Artistic depictions can be centered on religion for religious reasons (e.g. Da Vinci’s “The Last Supper” or “Salvator Mundi”), centered on religion for “Cool Story, Bro”/fires the imagination reasons (e.g. Da Vinci’s “Bacchus” or “Leda and the Swan”) or non-religious/”It’s All About the Benjamins” reasons (e.g. Da Vinci’s “Mona Lisa” or “Lady with an Ermine”).

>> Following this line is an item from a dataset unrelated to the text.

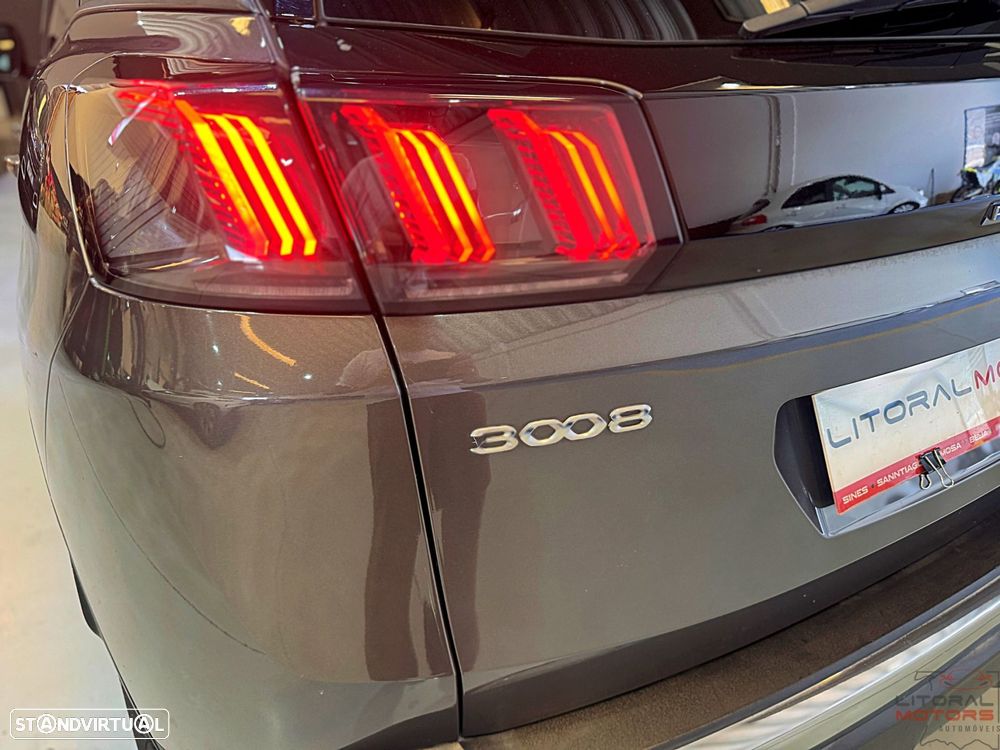 Peugeot 3008 1.2 PureTech Allure Pack EAT8 - 9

By the same artist, in the same medium, in very similar styles, for totally different reasons.
The accurate statement about the comic store window (and similar examples) would therefore be “the symbolism of the stained glass window is reminiscent of the iconography of some Christian sects at some points in their history, as well as other uses of the same artistic medium.” But when “sacrilege” is accurately translated to “that evokes imagery I associate with a belief system I’m emotionally attached to in a way that makes me feel uncomfortable,” it loses some of its force, doesn’t it?
So, if the comic store is actively advocating worshiping Sydney (which they obviously won’t be . . . Joel would be possibly less inclined than any other person on the planet to put Sydney on a pedestal), then some monotheistic cults/sects would probably feel entitled to get upset by that and would be so entitled, but not (and here’s the point that’s often missed) entitled to do anything about it other than whine and moan impotently about their entirely subjective and self-created emotional distress, since it’s none of their business what anyone else chooses to practice as a religion, either seriously or as a joke (e.g. Flying Spaghetti Monster, Church of the Subgenius).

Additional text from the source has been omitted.